§ WHAT IS BEING ASKED: Reproduce, please, only the lines from the first line below to the line containing "Ethics in America", inclusive.

§ PROVIDED INFORMATION:
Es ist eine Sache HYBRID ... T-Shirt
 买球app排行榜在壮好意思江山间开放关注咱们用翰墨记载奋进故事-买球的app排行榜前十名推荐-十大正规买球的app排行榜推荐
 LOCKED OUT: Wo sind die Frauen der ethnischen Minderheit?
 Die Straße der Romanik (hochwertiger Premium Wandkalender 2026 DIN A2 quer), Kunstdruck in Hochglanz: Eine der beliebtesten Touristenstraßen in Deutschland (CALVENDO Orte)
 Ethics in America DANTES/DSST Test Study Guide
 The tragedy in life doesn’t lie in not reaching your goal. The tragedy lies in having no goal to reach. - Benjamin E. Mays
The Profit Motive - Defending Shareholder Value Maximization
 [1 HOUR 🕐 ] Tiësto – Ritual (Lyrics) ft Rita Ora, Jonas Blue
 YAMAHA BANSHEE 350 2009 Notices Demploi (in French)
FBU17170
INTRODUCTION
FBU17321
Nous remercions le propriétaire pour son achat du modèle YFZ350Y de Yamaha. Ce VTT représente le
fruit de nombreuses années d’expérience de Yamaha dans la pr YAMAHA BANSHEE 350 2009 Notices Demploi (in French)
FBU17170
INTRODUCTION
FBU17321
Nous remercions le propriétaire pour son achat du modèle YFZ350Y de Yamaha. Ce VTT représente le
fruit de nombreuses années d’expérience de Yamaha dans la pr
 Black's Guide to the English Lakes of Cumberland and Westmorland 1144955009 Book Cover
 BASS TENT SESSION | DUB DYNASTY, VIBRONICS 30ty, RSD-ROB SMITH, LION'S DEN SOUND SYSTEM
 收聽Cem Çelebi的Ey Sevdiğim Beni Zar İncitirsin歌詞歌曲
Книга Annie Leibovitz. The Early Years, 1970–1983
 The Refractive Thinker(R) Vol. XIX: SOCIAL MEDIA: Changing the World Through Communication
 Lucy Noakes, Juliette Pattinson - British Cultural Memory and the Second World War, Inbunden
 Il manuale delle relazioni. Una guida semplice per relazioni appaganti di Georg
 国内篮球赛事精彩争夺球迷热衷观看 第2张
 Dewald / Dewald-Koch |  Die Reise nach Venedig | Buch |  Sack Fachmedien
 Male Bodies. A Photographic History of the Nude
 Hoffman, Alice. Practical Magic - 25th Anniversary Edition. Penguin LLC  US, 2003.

§ ANSWER SPACE:
Es ist eine Sache HYBRID ... T-Shirt
 买球app排行榜在壮好意思江山间开放关注咱们用翰墨记载奋进故事-买球的app排行榜前十名推荐-十大正规买球的app排行榜推荐
 LOCKED OUT: Wo sind die Frauen der ethnischen Minderheit?
 Die Straße der Romanik (hochwertiger Premium Wandkalender 2026 DIN A2 quer), Kunstdruck in Hochglanz: Eine der beliebtesten Touristenstraßen in Deutschland (CALVENDO Orte)
 Ethics in America DANTES/DSST Test Study Guide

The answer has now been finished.